Exercise details: Here is the task for the records below: repeat exactly the lines from the one with "Bekijk kaart van" to the one with "スラムダンク　DVD　全17巻セット", both included, and nothing else.

Data to use:
◆ ◆ ◆ ◆ ◆

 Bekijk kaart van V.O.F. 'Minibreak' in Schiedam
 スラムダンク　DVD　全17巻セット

◆ ◆ ◆ ◆ ◆

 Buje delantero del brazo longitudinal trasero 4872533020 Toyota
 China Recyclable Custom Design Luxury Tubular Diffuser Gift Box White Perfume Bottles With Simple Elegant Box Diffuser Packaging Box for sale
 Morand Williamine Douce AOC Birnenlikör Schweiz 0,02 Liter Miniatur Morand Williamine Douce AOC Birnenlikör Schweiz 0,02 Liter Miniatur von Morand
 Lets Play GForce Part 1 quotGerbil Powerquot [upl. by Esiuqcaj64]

◆ ◆ ◆ ◆ ◆

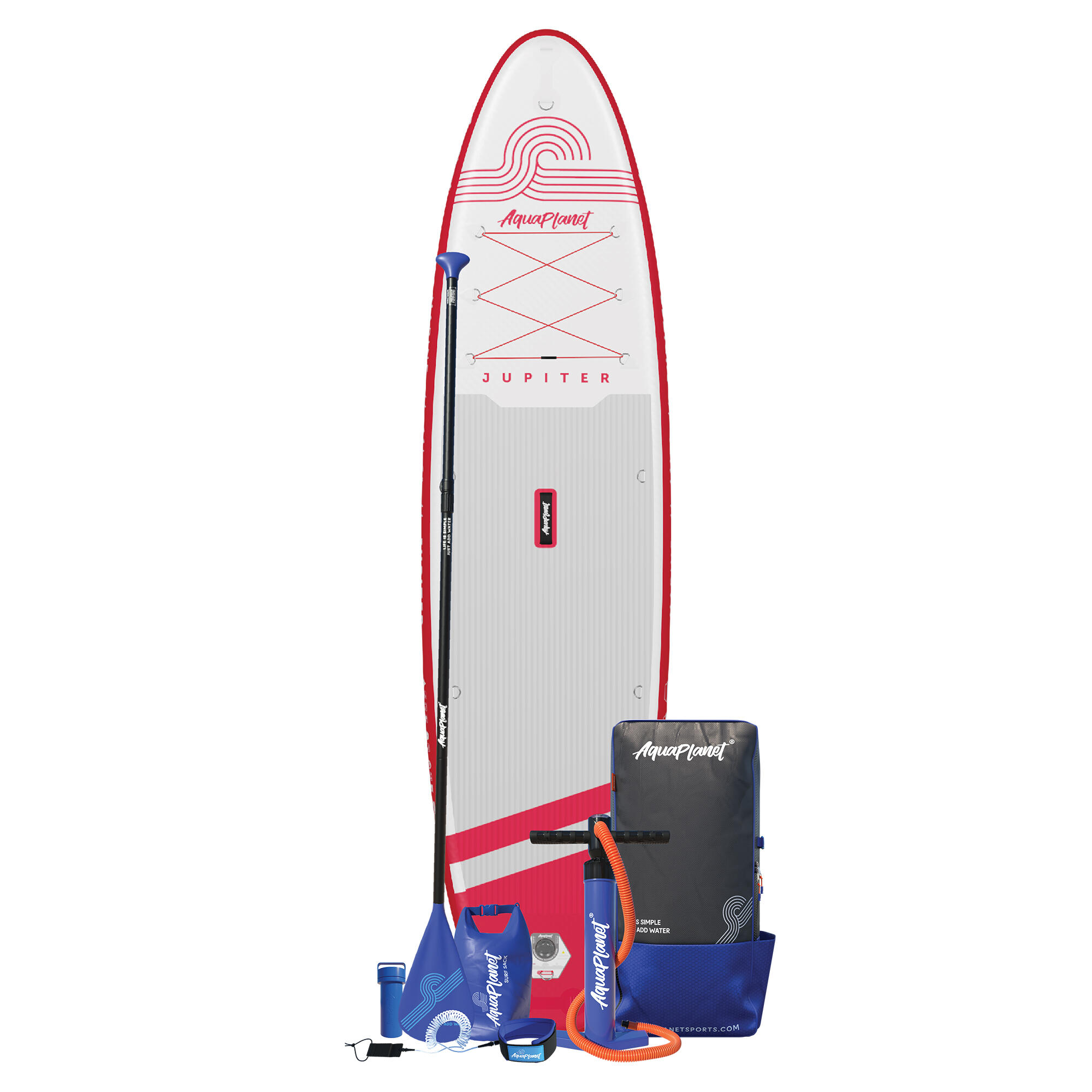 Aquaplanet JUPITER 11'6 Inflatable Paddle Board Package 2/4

◆ ◆ ◆ ◆ ◆

Response:
 Bekijk kaart van V.O.F. 'Minibreak' in Schiedam
 スラムダンク　DVD　全17巻セット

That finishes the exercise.